See also str_trim in the stringr package.
Chris Beeley over 12 years

Plus one for "Trim function now stored for future use"- thanks!
Thieme Hennis almost 10 years

is there a trim param in read.spss? I tried trim_values = TRUE and trim.factor.names = TRUE but to no avail...
Thieme Hennis almost 10 years

FYI: I trimmed all trailing spaces of the entire dataframe using apply: df_trimmed <- as.data.frame(apply(df,2,function (x) sub("\\s+$", "", x)))
A5C1D2H2I1M1N2O1R2T1 about 9 years

It depends on the definition of a best answer. This answer is nice to know of (+1) but in a quick test, it wasnt as fast as some of the alternatives out there.
Rodrigo almost 9 years

Unfortunately, strip.white=TRUE only works on non-quoted strings.
Alex over 8 years

There is a much easier way to trim whitespace in R 3.2.0. See the next answer!
Jubbles over 8 years

doesn't seem to work for multi-line strings, despite \n being in the covered character class. trimws("SELECT\n blah\n FROM foo;") still contains newlines.
wligtenberg over 8 years

@Jubbles That is the expected behaviour. In the string you pass to trimws there are no leading or trailing white spaces. If you want to remove leading and trailing white spaces from each of the lines in the string, you will first have to split it up. Like this: trimws(strsplit("SELECT\n blah\n FROM foo;", "\n")[[1]])
Jack Wasey over 8 years

Although a built-in function for recent versions of R, it does 'just' do a PERL style regex under the hood. I might have expected some fast custom C code to do this. Maybe the trimws regex is fast enough. stringr::str_trim (based on stringi) is also interesting in that it uses a completely independent internationalized string library. You'd think whitespace would be immune from problems with internationalization, but I wonder. I've never seen a comparison of results of native vs stringr/stringi or any benchmarks.
Richard Telford over 7 years

This solution removed some mutant whitespace that trimws() was unable to remove.
wligtenberg over 7 years

@RichardTelford could you provide an example?

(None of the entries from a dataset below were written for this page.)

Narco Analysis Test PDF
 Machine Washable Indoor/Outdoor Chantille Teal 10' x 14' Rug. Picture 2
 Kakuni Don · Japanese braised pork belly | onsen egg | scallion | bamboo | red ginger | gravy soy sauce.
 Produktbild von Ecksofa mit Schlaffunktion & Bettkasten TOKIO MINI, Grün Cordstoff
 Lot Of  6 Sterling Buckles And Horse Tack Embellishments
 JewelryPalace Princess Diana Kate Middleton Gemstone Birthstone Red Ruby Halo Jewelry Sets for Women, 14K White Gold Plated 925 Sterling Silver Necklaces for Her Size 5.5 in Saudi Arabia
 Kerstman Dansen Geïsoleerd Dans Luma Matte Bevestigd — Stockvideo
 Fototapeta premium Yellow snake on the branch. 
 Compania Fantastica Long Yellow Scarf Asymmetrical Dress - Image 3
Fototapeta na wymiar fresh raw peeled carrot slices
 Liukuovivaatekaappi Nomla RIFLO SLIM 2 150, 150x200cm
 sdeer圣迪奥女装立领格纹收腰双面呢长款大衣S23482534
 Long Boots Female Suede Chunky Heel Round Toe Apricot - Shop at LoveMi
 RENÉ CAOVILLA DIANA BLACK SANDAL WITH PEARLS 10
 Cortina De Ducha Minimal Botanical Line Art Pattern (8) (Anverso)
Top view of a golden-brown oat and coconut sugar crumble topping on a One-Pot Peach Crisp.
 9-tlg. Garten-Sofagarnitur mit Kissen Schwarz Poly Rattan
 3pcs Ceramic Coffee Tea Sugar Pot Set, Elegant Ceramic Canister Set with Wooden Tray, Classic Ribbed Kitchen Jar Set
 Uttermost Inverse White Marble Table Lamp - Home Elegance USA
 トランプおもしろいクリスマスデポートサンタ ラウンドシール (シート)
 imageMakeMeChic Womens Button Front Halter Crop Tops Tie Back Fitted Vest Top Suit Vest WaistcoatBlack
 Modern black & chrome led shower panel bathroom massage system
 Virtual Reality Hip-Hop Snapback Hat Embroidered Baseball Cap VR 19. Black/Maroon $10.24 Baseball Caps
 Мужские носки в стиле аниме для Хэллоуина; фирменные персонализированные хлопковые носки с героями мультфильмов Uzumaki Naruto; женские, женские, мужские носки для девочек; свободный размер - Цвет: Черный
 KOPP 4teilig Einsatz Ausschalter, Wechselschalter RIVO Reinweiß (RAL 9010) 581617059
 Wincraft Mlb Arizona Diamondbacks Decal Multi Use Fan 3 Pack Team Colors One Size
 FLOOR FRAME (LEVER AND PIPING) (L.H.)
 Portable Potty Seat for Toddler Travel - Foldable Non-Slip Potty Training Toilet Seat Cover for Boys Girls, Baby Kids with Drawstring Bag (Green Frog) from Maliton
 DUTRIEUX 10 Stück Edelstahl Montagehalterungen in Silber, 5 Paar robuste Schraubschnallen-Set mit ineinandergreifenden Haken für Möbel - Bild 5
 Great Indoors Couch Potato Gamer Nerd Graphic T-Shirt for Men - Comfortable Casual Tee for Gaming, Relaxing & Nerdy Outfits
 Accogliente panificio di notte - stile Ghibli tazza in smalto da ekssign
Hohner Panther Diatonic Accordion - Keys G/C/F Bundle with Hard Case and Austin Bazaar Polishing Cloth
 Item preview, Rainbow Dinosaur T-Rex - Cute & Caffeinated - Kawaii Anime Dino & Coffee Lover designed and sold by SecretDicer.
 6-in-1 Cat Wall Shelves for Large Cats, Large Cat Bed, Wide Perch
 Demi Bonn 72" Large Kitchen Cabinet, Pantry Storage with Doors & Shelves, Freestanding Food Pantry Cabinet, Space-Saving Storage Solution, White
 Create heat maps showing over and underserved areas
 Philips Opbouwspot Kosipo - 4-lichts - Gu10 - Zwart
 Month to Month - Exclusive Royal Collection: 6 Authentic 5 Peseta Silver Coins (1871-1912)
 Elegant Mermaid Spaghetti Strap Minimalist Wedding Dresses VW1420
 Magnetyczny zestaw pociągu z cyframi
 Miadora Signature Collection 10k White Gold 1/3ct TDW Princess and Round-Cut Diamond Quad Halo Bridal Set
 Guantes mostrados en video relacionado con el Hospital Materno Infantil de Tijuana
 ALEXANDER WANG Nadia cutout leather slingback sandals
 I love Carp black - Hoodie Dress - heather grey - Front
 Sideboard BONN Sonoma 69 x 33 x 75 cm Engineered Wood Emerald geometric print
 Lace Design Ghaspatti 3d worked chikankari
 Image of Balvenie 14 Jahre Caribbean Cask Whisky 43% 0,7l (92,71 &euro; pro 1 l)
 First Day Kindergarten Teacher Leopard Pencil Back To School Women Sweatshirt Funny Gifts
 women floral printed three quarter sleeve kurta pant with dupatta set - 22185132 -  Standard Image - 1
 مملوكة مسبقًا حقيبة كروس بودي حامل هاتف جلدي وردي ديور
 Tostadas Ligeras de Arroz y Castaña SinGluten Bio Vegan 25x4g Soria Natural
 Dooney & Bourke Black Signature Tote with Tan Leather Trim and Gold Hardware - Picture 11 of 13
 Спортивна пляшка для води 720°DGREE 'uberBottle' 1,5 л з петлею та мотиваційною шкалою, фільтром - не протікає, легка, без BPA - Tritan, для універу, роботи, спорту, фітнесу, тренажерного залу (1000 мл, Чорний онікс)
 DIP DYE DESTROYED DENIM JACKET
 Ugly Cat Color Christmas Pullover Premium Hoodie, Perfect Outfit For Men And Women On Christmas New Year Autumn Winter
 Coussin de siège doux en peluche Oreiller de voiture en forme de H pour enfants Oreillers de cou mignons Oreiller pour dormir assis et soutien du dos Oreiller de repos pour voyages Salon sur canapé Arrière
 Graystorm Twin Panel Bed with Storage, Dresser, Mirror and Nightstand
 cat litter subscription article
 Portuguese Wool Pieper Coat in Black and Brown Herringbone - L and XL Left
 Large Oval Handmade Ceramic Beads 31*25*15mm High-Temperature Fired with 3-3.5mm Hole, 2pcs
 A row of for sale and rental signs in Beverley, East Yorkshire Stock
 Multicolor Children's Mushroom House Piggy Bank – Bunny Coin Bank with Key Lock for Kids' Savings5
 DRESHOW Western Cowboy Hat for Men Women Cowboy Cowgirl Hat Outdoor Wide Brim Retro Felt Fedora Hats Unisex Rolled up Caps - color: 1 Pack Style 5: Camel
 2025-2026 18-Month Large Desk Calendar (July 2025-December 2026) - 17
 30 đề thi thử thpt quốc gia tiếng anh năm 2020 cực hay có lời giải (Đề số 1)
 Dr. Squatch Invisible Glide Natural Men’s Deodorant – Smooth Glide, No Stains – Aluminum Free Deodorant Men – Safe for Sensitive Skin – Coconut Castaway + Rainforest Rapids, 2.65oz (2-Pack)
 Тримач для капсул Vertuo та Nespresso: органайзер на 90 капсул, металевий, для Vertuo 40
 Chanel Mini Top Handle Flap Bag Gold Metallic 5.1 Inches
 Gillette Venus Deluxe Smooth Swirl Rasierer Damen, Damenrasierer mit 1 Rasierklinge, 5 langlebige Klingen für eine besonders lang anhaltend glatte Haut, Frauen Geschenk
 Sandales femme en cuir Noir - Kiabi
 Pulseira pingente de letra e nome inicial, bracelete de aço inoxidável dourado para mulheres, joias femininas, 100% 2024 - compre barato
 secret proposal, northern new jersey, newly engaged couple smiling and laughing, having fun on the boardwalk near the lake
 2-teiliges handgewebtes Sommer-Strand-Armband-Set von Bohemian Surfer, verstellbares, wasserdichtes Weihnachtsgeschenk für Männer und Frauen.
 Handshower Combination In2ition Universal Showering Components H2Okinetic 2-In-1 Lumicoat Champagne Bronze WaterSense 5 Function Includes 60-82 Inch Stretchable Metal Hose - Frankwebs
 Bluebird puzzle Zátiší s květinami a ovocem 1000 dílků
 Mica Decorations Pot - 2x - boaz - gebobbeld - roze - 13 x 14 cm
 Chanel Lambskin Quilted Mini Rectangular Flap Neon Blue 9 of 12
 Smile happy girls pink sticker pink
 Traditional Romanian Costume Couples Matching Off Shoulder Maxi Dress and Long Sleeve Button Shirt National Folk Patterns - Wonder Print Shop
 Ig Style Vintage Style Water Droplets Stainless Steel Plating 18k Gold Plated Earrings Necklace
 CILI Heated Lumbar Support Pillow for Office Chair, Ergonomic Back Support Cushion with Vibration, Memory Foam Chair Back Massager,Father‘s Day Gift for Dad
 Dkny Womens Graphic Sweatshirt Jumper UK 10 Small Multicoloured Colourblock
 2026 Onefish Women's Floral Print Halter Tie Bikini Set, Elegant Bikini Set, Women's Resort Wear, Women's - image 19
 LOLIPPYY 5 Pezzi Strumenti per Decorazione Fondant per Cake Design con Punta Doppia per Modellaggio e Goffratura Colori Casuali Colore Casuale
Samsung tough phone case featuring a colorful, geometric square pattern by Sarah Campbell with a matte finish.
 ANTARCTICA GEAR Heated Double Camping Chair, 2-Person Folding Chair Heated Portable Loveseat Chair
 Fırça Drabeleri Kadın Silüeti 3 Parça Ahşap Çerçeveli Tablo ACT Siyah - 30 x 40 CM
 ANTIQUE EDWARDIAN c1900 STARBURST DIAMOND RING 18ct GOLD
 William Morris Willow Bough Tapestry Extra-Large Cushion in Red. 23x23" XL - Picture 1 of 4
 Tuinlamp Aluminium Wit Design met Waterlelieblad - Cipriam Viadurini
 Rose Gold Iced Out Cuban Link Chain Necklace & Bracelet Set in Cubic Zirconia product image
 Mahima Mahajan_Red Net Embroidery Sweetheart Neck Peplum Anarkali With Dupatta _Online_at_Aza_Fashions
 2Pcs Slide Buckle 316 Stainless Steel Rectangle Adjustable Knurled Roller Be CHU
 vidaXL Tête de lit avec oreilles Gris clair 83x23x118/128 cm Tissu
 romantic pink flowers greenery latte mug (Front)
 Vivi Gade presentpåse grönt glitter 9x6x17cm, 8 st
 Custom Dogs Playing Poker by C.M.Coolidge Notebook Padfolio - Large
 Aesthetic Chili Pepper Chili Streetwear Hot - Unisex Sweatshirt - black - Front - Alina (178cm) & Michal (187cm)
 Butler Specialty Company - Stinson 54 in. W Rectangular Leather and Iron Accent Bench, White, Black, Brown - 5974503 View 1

Because that might be considered a bug in trimws.
PatrickT over 6 years

For some reason I could not figure out, trimws() did not remove my leading white spaces, while Bryan's trim.strings() below (only 1 vote, mine!) did...
moodymudskipper almost 6 years

or df[] <- lapply(df, trimws) to be more compact. But it will in both cases coerce columns to character. df[sapply(df,is.character)] <- lapply(df[sapply(df,is.character)], trimws) to be safe.
EcologyTom almost 6 years

Also need to include stringsAsFactors = FALSE when using read.csv, as this won't work on factors. trimws() detailed below will work regardless, but by silently converting factor to character. Both useful answers though, thanks!
Peter over 4 years

IMO this is the best solution. Not much of code and highly performant
pgee70 over 4 years

Thanks for the require(stringr) their documentation or examples did not have this required line of code!
Tomas almost 4 years

From which package? This function doesn't exist by default.
Gmichael almost 4 years

I don't think this is a good idea, since we don't know how many countries/levels the df actually have. Additionally, R would encode the first element of Dummy$Country as "Austria", even if it were "Spain".
tjebo over 3 years

@JackWasey I've added a benchmark - the example might be somewhat simple, but it should give an idea about the performance
JasTonAChair over 2 years

Just not a useful answer without providing the package name, @J.Dan
Resource about 2 years

Removes trailing \r\n in all columns, unlike any other solutions I've seen that claim to work at the data frame level. I can get rid of tons of untidy and inelegant per-column trims.